* What you need to do: Print the line that contains "Used Volvo XC60", then every line after it until the entries end, exactly as they read; do not include pictures.

-- Opening Marker --

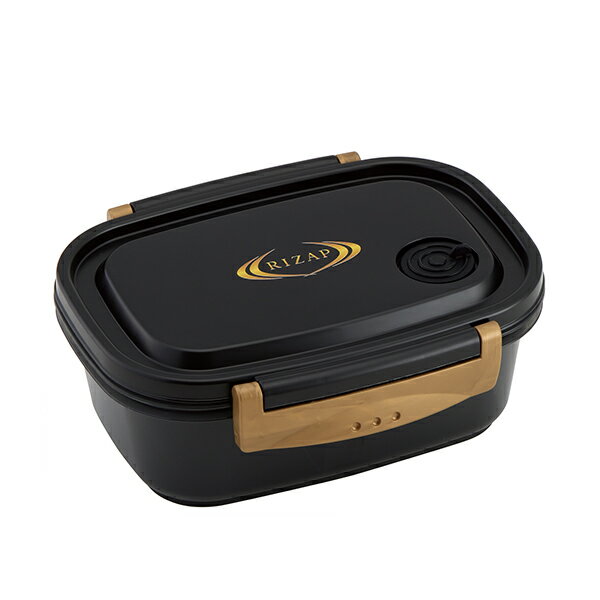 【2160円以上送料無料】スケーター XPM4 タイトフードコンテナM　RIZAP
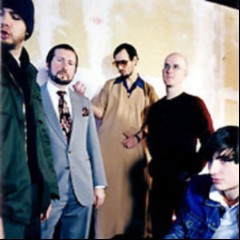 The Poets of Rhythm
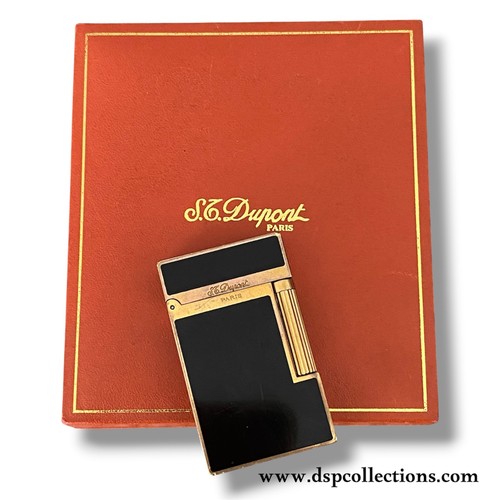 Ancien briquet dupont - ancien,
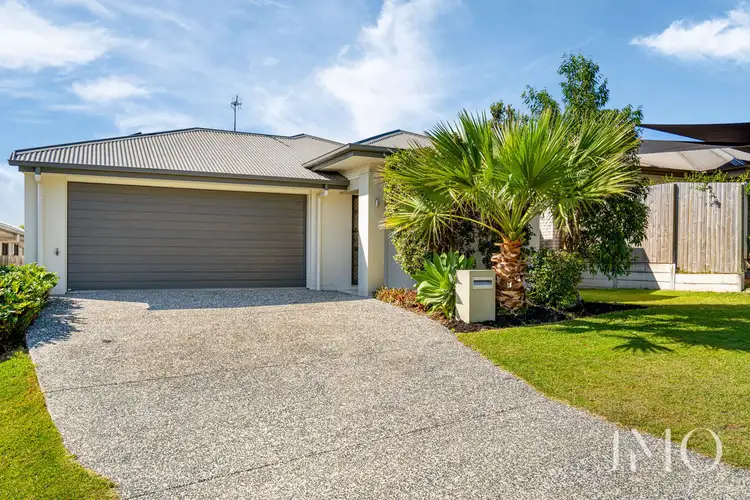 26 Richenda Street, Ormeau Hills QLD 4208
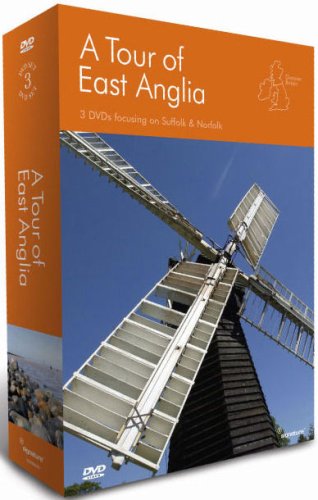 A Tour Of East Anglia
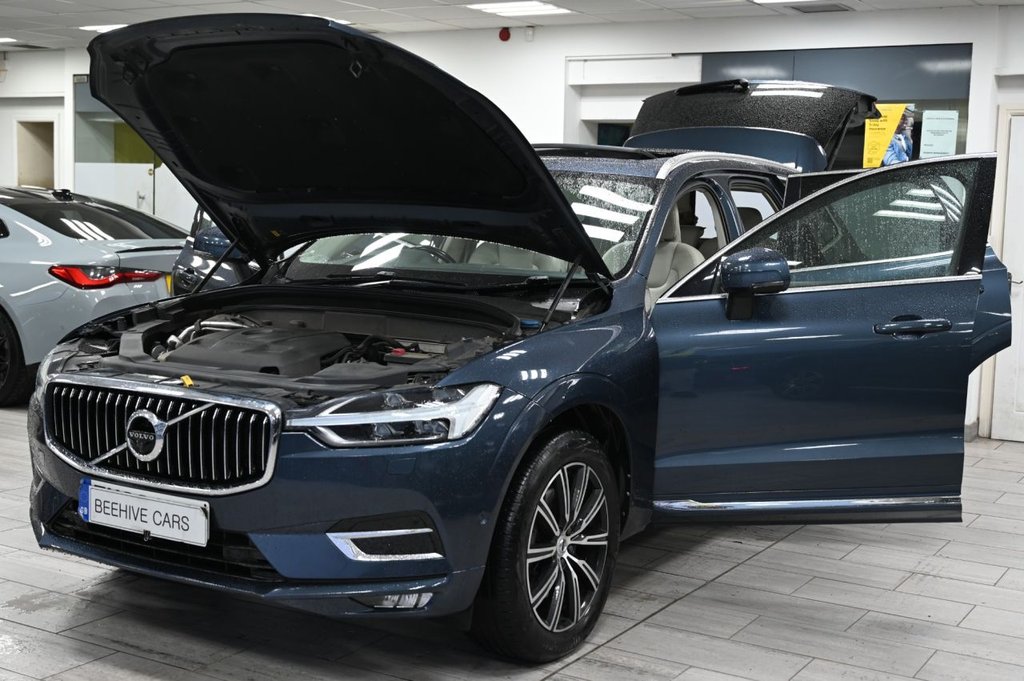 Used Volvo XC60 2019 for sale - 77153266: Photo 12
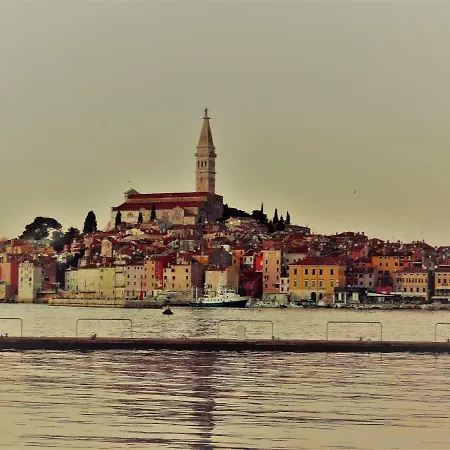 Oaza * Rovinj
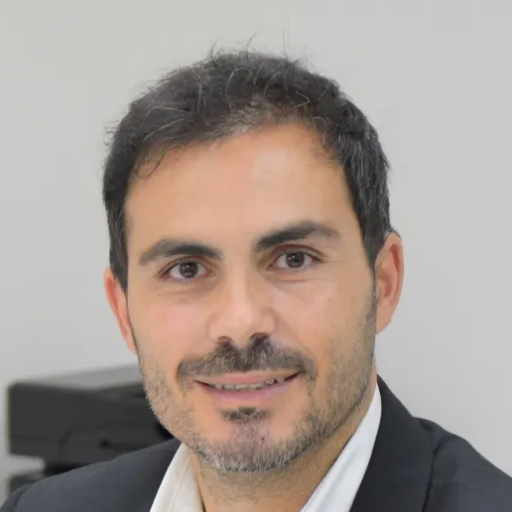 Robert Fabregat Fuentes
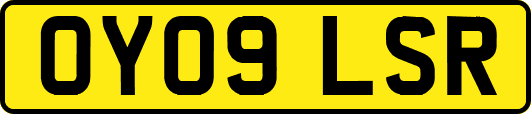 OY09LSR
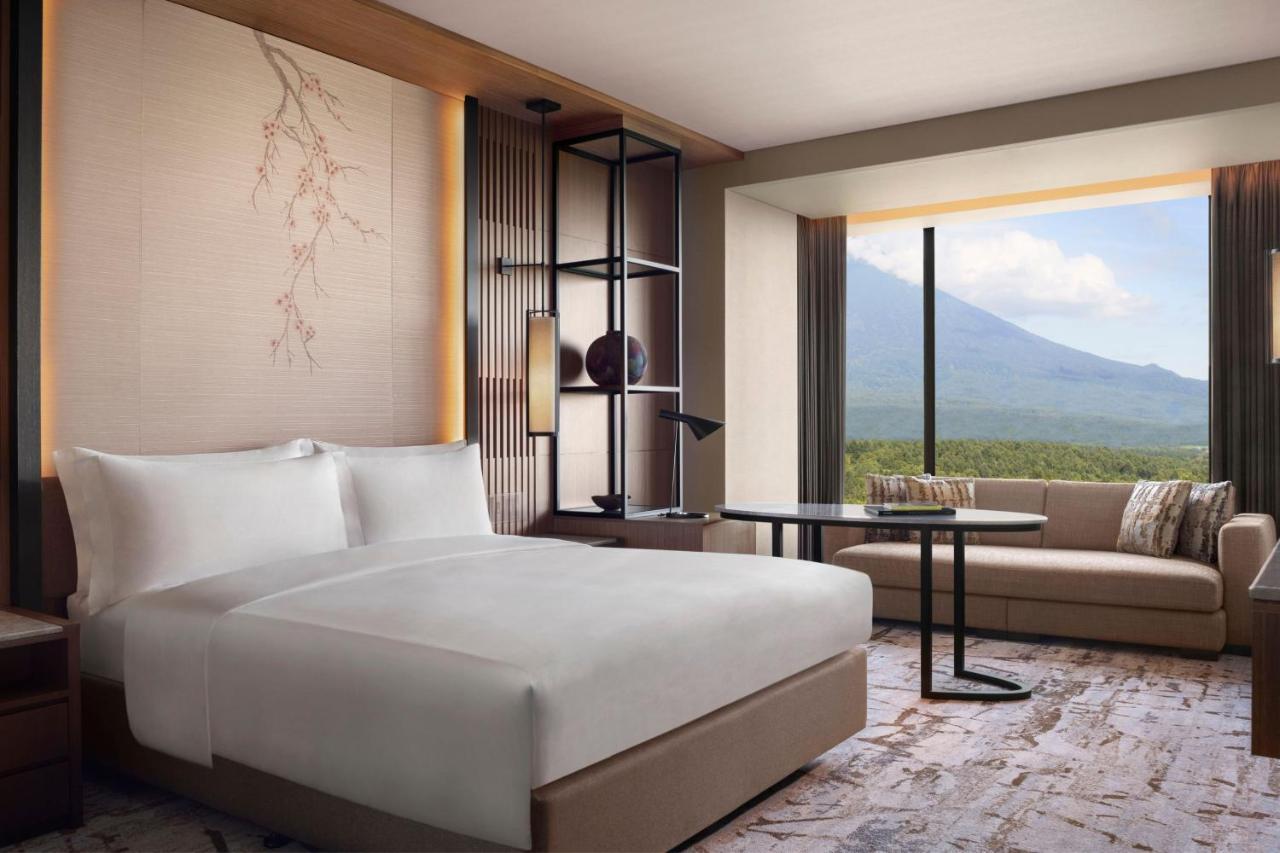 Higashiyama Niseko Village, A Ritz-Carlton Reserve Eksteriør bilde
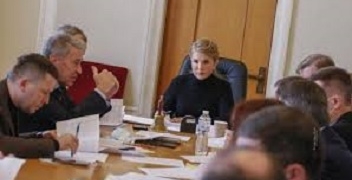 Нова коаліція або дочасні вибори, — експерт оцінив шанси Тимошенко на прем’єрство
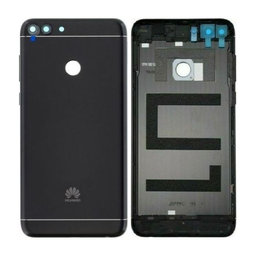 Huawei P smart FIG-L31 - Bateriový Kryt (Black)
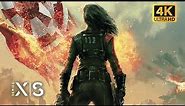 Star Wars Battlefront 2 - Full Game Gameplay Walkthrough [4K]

-- Closing Marker --

* Response area:
 Used Volvo XC60 2019 for sale - 77153266: Photo 12
 Oaza * Rovinj
 Robert Fabregat Fuentes
 OY09LSR
 Higashiyama Niseko Village, A Ritz-Carlton Reserve Eksteriør bilde
 Нова коаліція або дочасні вибори, — експерт оцінив шанси Тимошенко на прем’єрство
 Huawei P smart FIG-L31 - Bateriový Kryt (Black)
 Star Wars Battlefront 2 - Full Game Gameplay Walkthrough [4K]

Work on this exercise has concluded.